「コーチング」という言葉、ビジネスパーソンやスポーツ経験者であれば一度は聞いたことがあるでしょう。
コーチングとは、指導対象が目標を達成するために実践する指導方法のひとつで、ビジネス・スポーツ・ライフスタイルと、ジャンルを問わず活用できます。指導を受ける側の意識が変わることで望む結果を得られるコーチングですが、そのためには指導をする側のコーチングに対する知識や理解、スキルが欠かせません。
本記事では、コーチングの基本や得られる効果、実践方法などについて紹介します。
コーチングの基本 - コーチングとは? ティーチングとの違い
コーチングとは? 由来と実際の指導例
コーチングは「組織や個人がより早くより効率的に、ゴールを達成する助けとなること」です。
「コーチ」は「人を目的地(ゴール)に運ぶ手段」であることから、世界ではじめて大型乗合馬車が走ったハンガリーの「コチ」という地名に由来しています。
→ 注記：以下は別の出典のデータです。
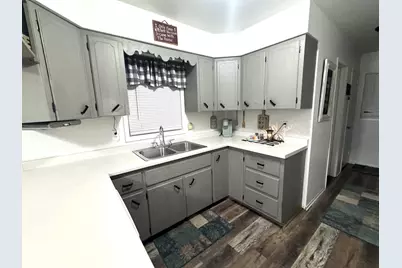 1210 Greenwood Street E, Thief River Falls, MN 56701 - Photo 5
馬車が「人が行きたいところに送り届ける」ことから、目的を持った人の指導者を「人の目的達成を支援する」という意味でコーチと呼ぶようになりました。
コーチングは、コーチが指導対象者であるクライアントに対して「目標を効率的に達成するために何をしなければいけないか」を気づかせ、行動を促していきます。コーチングを短距離走の指導例でみてみましょう。
■指導例)
「もうちょっとで昨日のタイムを上回れそうだったね。今日と昨日で何か違っているところある? 」
「今日は新しいランニングシューズで走りました」
「走りにくかった? 」
「走りにくさは感じませんでしたが、足がまだ慣れていないかもしれません」
「そうか。じゃあ足を早く慣らした方がいいね」
「もっと走り込みます」
「あと、靴を変えてから少しフォームが変わっていたよ」
「本当ですか。動画を見せてもらえませんか? 」
「ほら、ストライドが少し狭いだろう」
「本当ですね、次はもう少し足の開きを意識してみます」
コーチはクライアントと対話を重ね、どうすれば目標を達成していけるのか、クライアントから引き出していくことがコーチングです。
コーチングとティーチングの違い
さまざまな指導方法において、コーチングと混同されがちな手法に「ティーチング」があります。コーチングとティーチングの違いは、目標達成するための答えが「指導者側にあるかどうか」というところにあります。
ティーチングでは、目標達成のための答えは「指導者側」にあります。目標達成のためにどうすればいいのか、指導者がクライアントに教えることで目標達成を目指します。
一方、コーチングでは、目標達成のための答えは「クライアント」にありますが、指導時点ではクライアントはそれに気づいていません。指導者は目標達成のための答えを、対話や問いかけによってクライアントに気づかせるのです。
指導過程において、ティーチングは指導側の発言が多くなり、コーチングは双方の対話を通して、クライアントの主体的な発言が多くなります。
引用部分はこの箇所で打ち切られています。